The yuan extended declines after breaching the 7 per US dollar level as concerns that the US Federal Reserve might deliver an outsized rate hike next week eclipsed a string of attempts from the People’s Bank of China (PBOC) to support the currency.
The onshore and offshore yuan fell to the lowest since July 2020, even as China’s central bank yesterday set the currency fixing at 456 pips stronger than the estimates in a Bloomberg survey, on concern that Fed rate hikes would exacerbate China’s yield gap with the US and drive outflows.
The fixing pushback also fell short of the record 598 pips on Wednesday.
Photo: Reuters
While warning investors not to bet on any particular level, the 17 straight days of stronger-than-expected fixings have been the most visible signal from Beijing yet that it is seeking to stabilize the currency ahead of the Chinese Communist Party Congress next month, when Chinese President Xi Jinping (習近平) is expected to secure an unprecedented third term.
“It’s not a house-on-fire move,” said Brad Bechtel, global head of foreign exchange at Jefferies LLC, referring to the Chinese central bank reference rates. “The PBOC is quietly pushing back through the daily fixing, but they are not really doing anything else.
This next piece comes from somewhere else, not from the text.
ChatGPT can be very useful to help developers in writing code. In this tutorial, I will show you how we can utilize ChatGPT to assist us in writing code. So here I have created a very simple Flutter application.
Central banks have realized that it’s a dollar trade. They could fight it, but there’s not much they can do about it.”
Traders responded to the move by the People’s Bank of China by pushing the onshore yuan to as low as 7.0195 per US dollar, about 0.7 percent shy from the weak end of the 2 percent trading band around the fixing.
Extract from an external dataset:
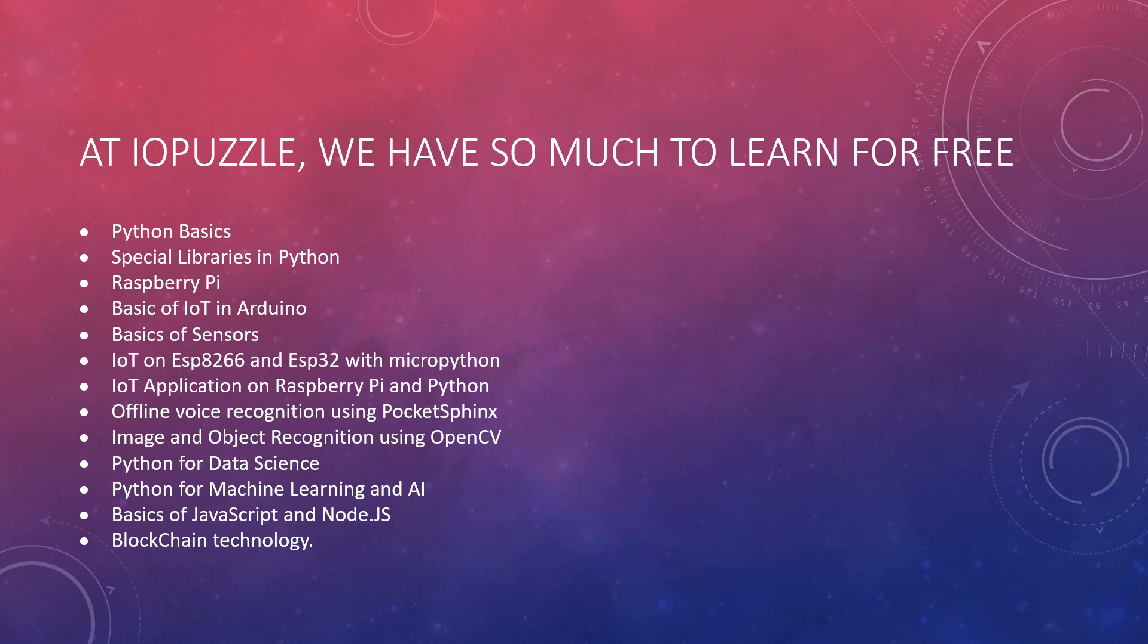We are going to teach you offline voice recognition systems using PocketSphinx, and image and object recognition using OpenCV. Trust me, you can recognize the digits written on number plates.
The gap between onshore yuan and the fixing stayed near 800 pips, which was the most since 2020.
Both of these indicate deepening bearish sentiment on the yuan.
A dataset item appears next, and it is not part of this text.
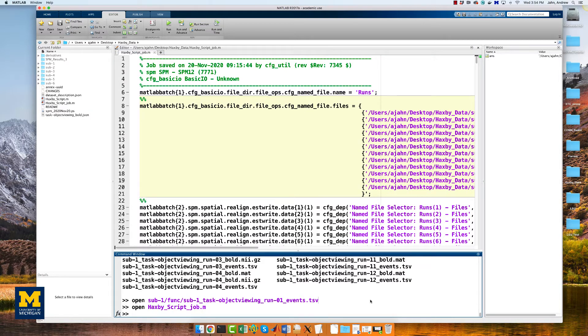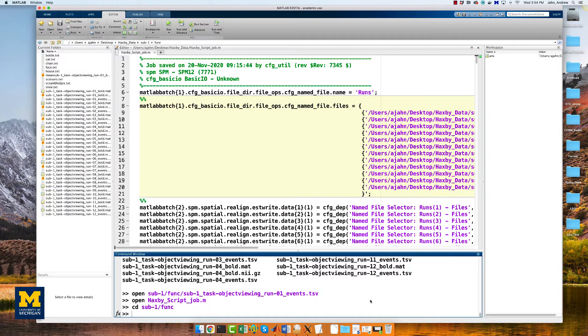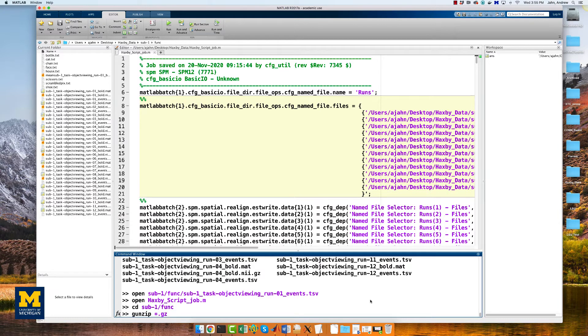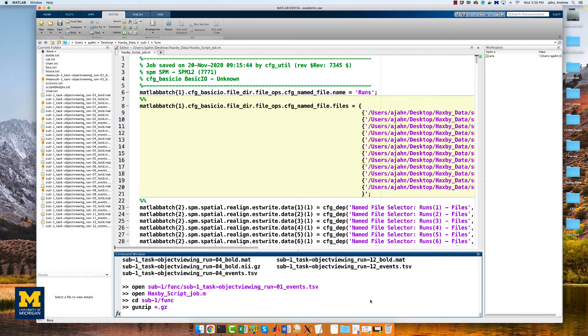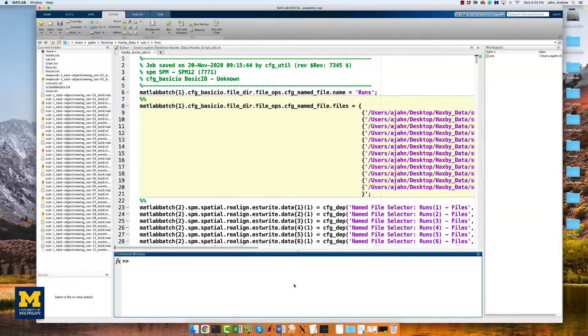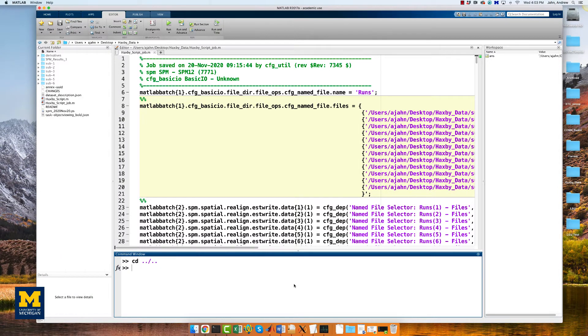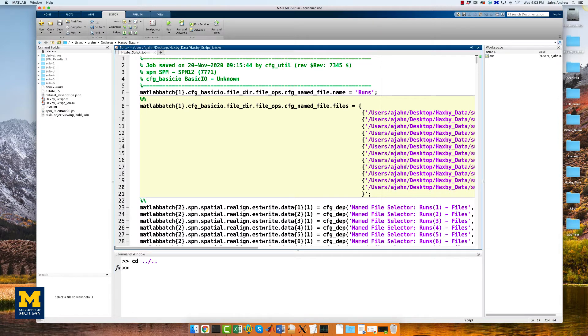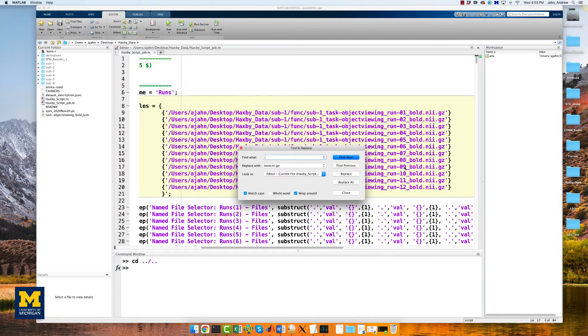We will first need to unzip the gzipped functional files so that they can be read by SPM. From the terminal, navigate to sub1 func and type gunzip *.gz. It's going to take a while to do this, so I'm going to fade out and come back when it's done. When it has finished unzipping the files, navigate back to the subject's directory, then go into the editing window, and replace .nii.gz with .nii.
The currency’s slide gathered pace on Thursday amid geopolitical concerns surrounding a meeting between Russian President Vladimir Putin and Xi, and the approval of the Taiwan Policy Act in the US, Morgan Stanley said in a note.
The stronger fixing is “unlikely to defend the psychological 7 level, but delay and smooth out the yuan depreciation pace, unless the PBOC takes other measures to support the yuan,” said Ken Cheung (張建泰), chief Asian foreign exchange strategist at Mizuho Bank.
A Shanghai Securities News report downplayed yuan’s losses and cited unnamed experts, saying wider swings in the exchange rate have become normal in recent years amid increased uncertainties in the global economy.
Still, policymakers have plenty in their toolbox to manage the currency, including by raising costs for investors to bet against the yuan by using forwards contracts, reducing the amount of dollar deposits banks need to set aside as reserves again as it did earlier this month, or in the worst case, resolve to direct intervention by selling the dollar.
However, the yuan’s relative strength versus other regional currencies might act as a deterrent. The yuan is at a 13-year high versus the South Korean won and 29-year high versus the Japanese yen.
Moreover, the trade-weighted yuan has remained little changed since last month, a Bloomberg tracker of the CFETS Index showed.